Source records: Begin

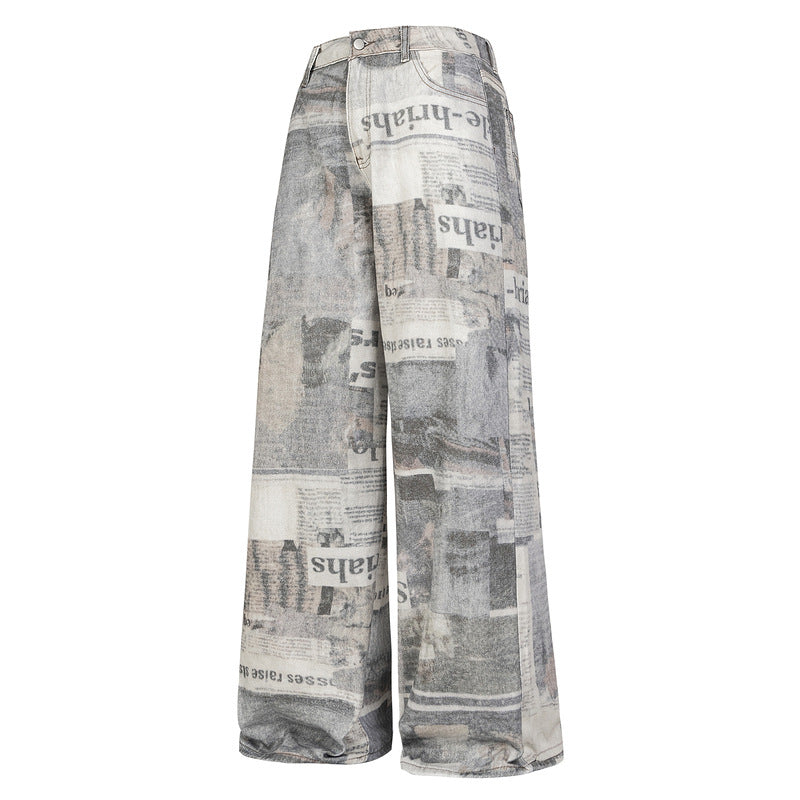 Graffiti Washed Newspaper Print Wide-Leg Jeans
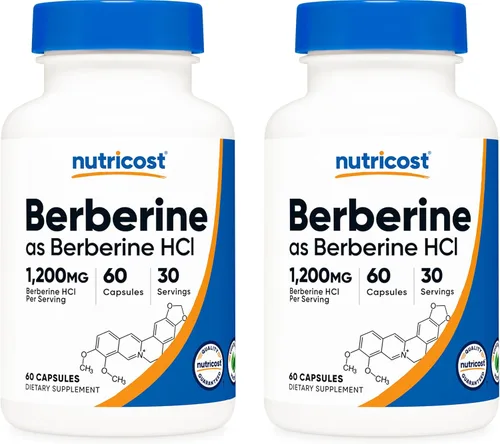 Nutricost Berberina HCl 600 mg, 60 cápsulas (2 botellas) – Sin gluten, cápsulas vegetarianas, sin OGM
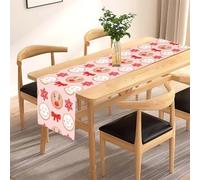 Tavolo da 33 x 183 cm per runner realizzato in finto lino filato, progettato per uso interno ed esterno per migliorare le impostazioni della sala da pranzo proteggendo le superfici del tavolo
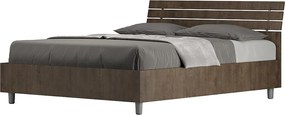 Łóżko wyposażone w stelaż z listwami z pojemnikiem 140x190 Nachylony zagłówek z listwami orzech Ankel
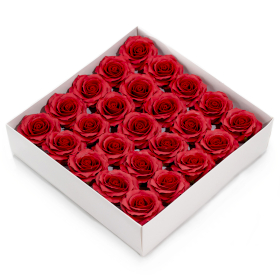 25x Tvålblommor till Hantverk - (5-lager) Romantisk Ros - Vinröd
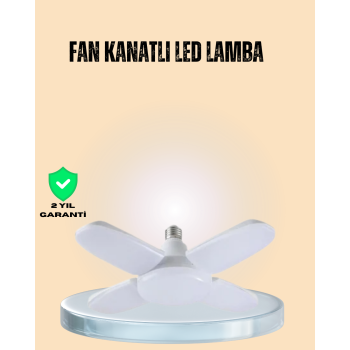 Yüksek Işık Güçlü LED Ampül 4 Kollu Katlanır Pervane Tasarım -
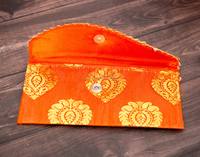 Enveloppes portefeuilles en brocart Shagun faites à la main avec bouton magnétique, pour cadeaux de fête indiens, mariage, nouvel an, Diwali, réutilisables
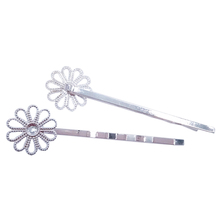 Silver Plated 120pcs Hair Pins with 15mm Flower Hairpins Jewelry Findings Hair accessories HPF36 2024 - buy cheap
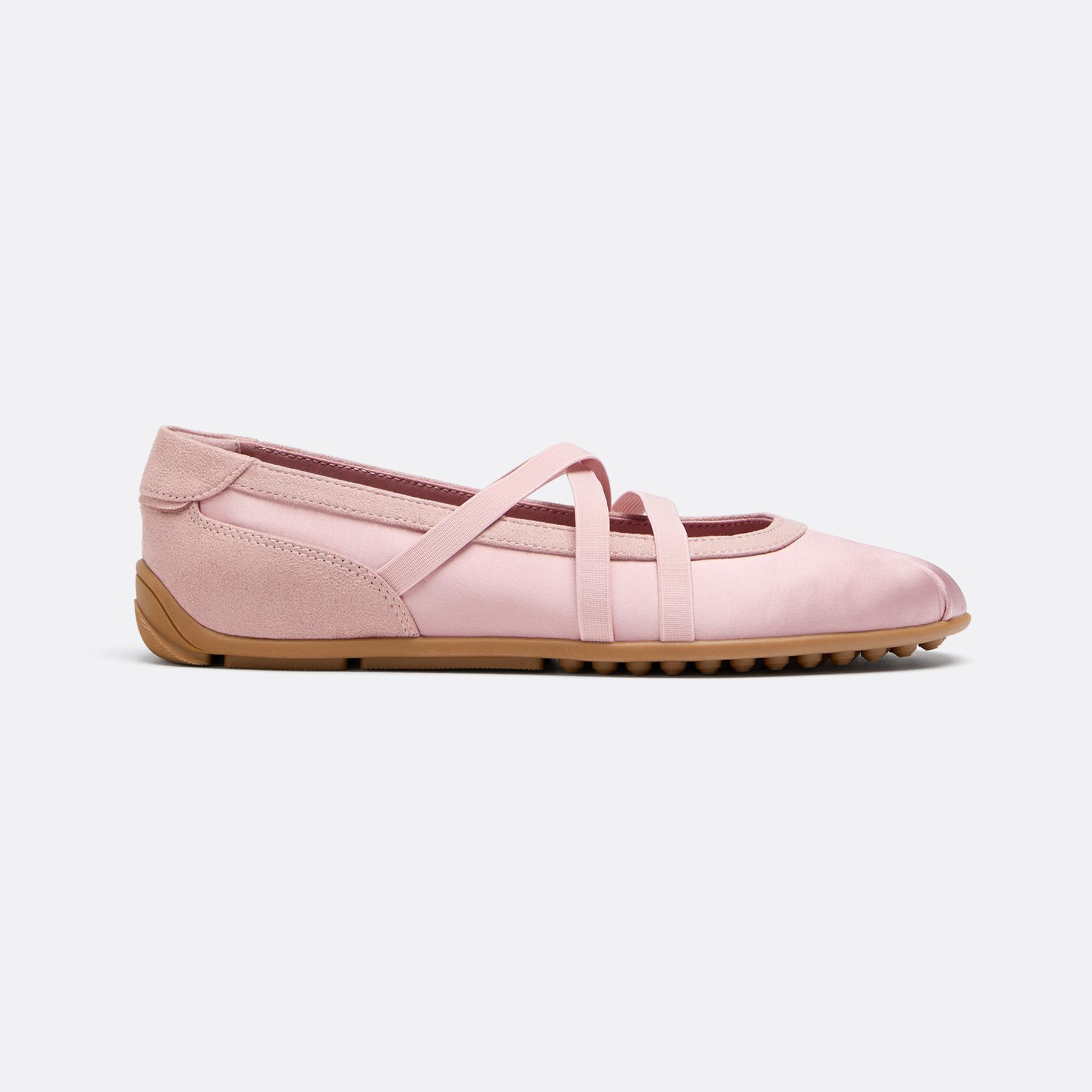 Satin sneaker pumps with crossover straps — PINK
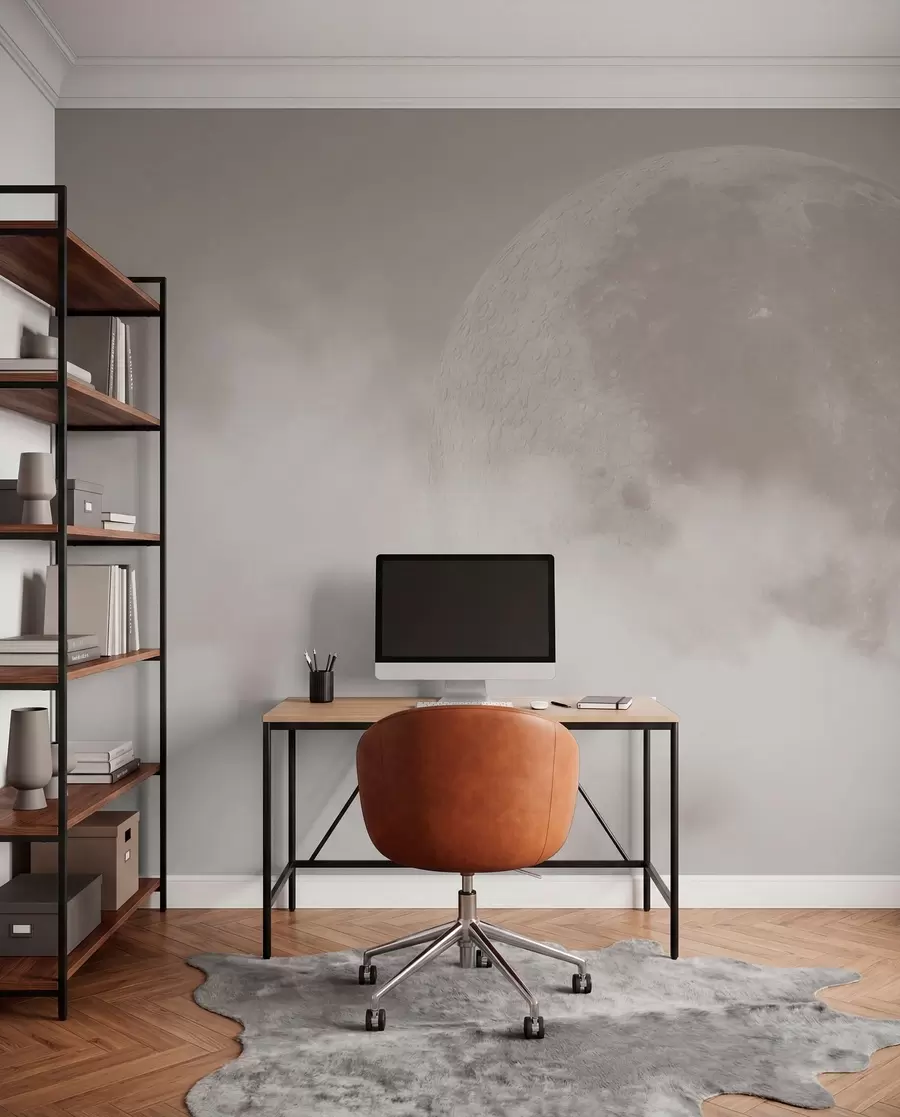 wall murals Moon in a Beige Sky w00548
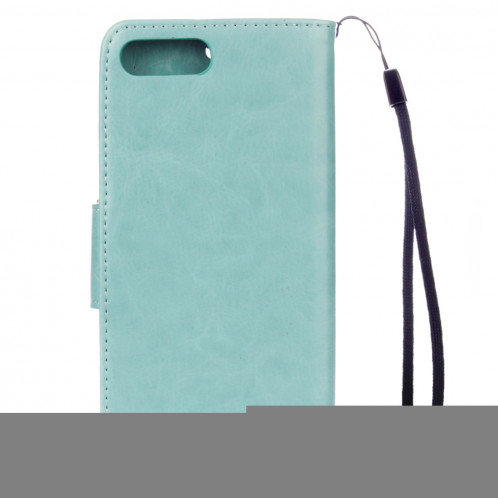 Pour iPhone 8 Plus et 7 Plus Fleurs Gaufrage Horizontal Flip Housse en cuir avec titulaire et fentes pour cartes et porte-monnaie et lanière (vert) SF191G1452-06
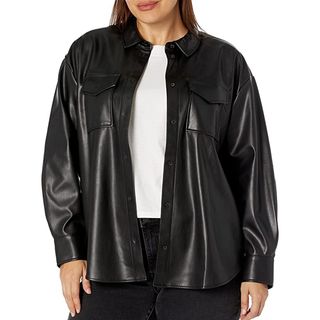 The Drop + Faux Leather Long Shirt Jacket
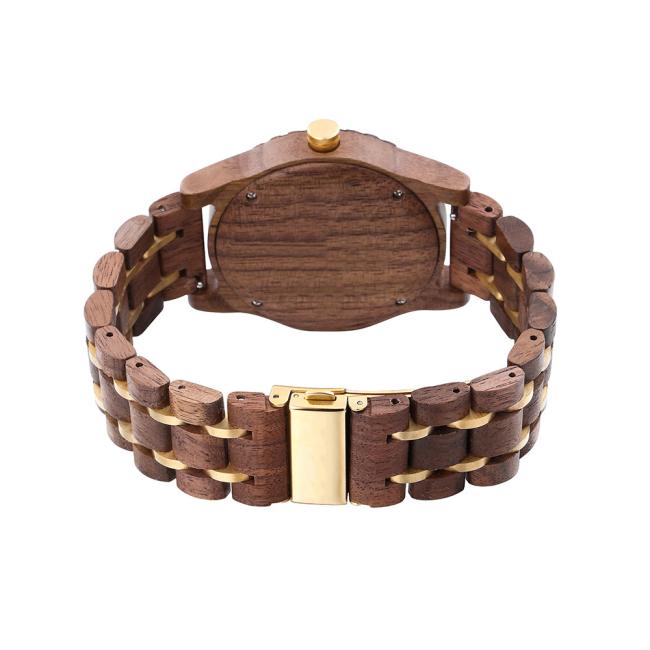 Vintage Walnut Wood Watch for Men, Multi-Functional Calendar Week 24H Display Quartz Wrist Watch, Custom Logo Wooden Business Watch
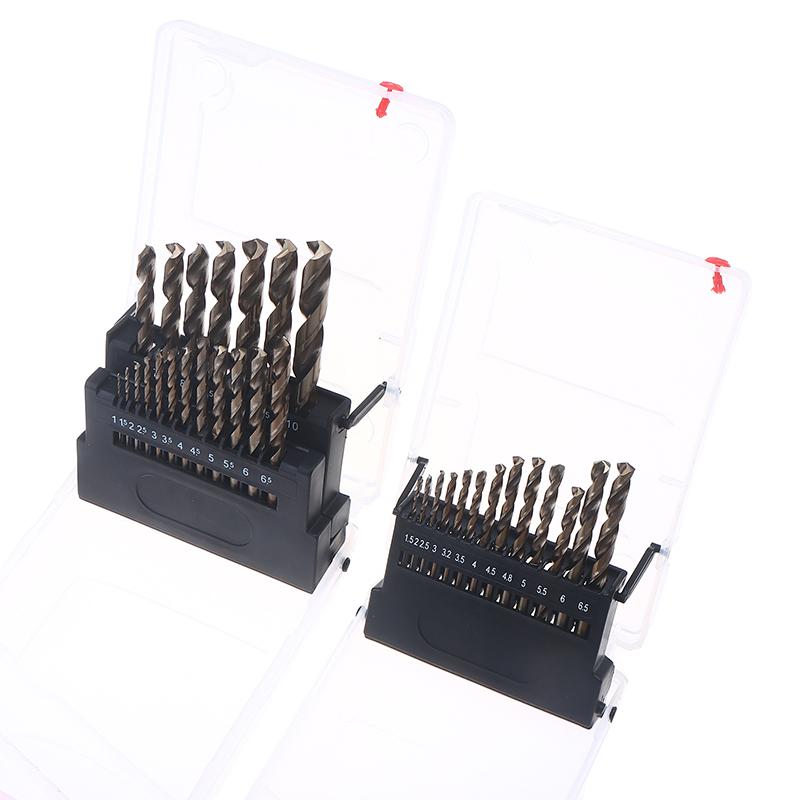 13/19/25Pcs Hss M35 Cobalt High Speed Steel Twist Drill Bit Tool Set Of Drills Accessories For Metal Stainless Steel Drilling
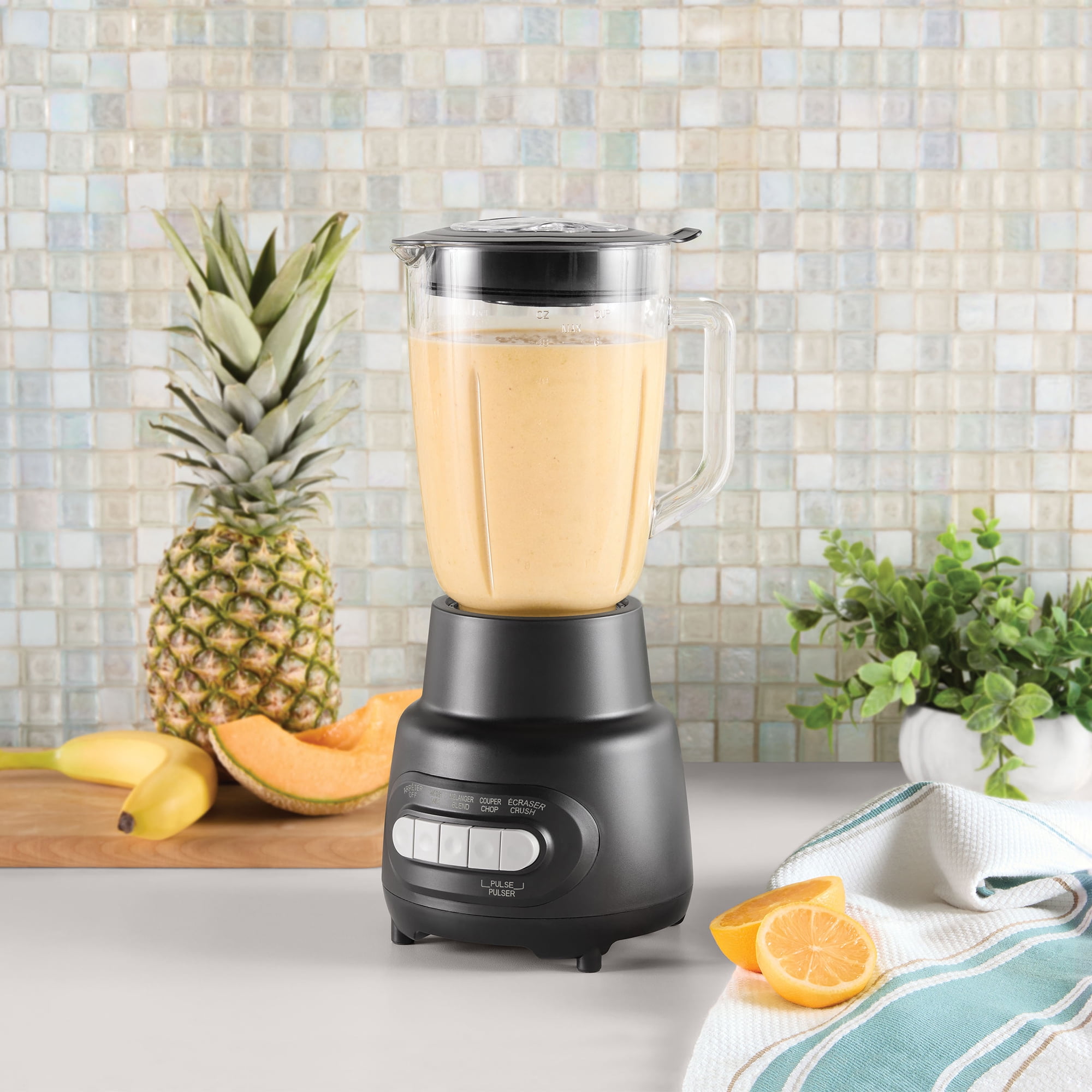 Mainstays 5 Speed  Glass Jar  Blender With Capacity 48 Oz, Black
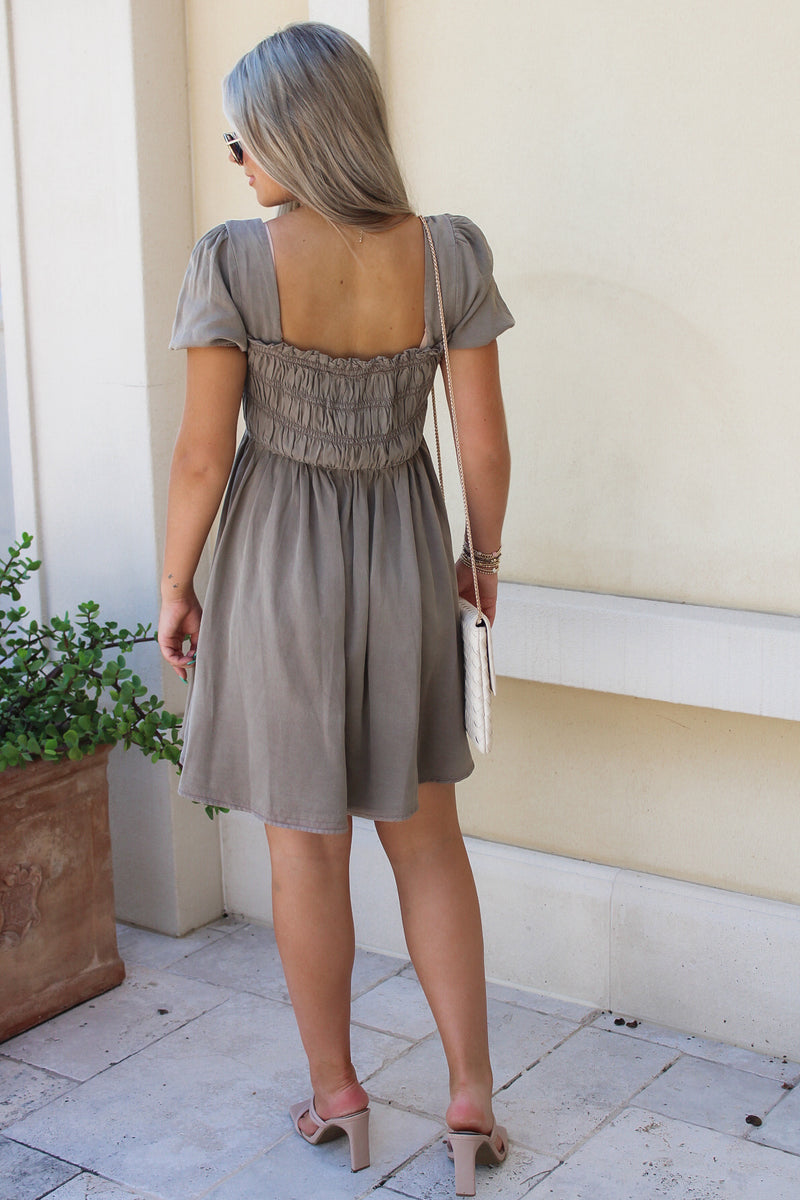 Pure Thoughts Smocked Midi Dress - Mocha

Source records: End

Would you please reproduce the entries above, starting at the line with "Pour iPhone 8" and stopping after the line with "Mainstays 5 Speed"? Omit any pictures.

 Pour iPhone 8 Plus et 7 Plus Fleurs Gaufrage Horizontal Flip Housse en cuir avec titulaire et fentes pour cartes et porte-monnaie et lanière (vert) SF191G1452-06
 The Drop + Faux Leather Long Shirt Jacket
 Vintage Walnut Wood Watch for Men, Multi-Functional Calendar Week 24H Display Quartz Wrist Watch, Custom Logo Wooden Business Watch
 13/19/25Pcs Hss M35 Cobalt High Speed Steel Twist Drill Bit Tool Set Of Drills Accessories For Metal Stainless Steel Drilling
 Mainstays 5 Speed  Glass Jar  Blender With Capacity 48 Oz, Black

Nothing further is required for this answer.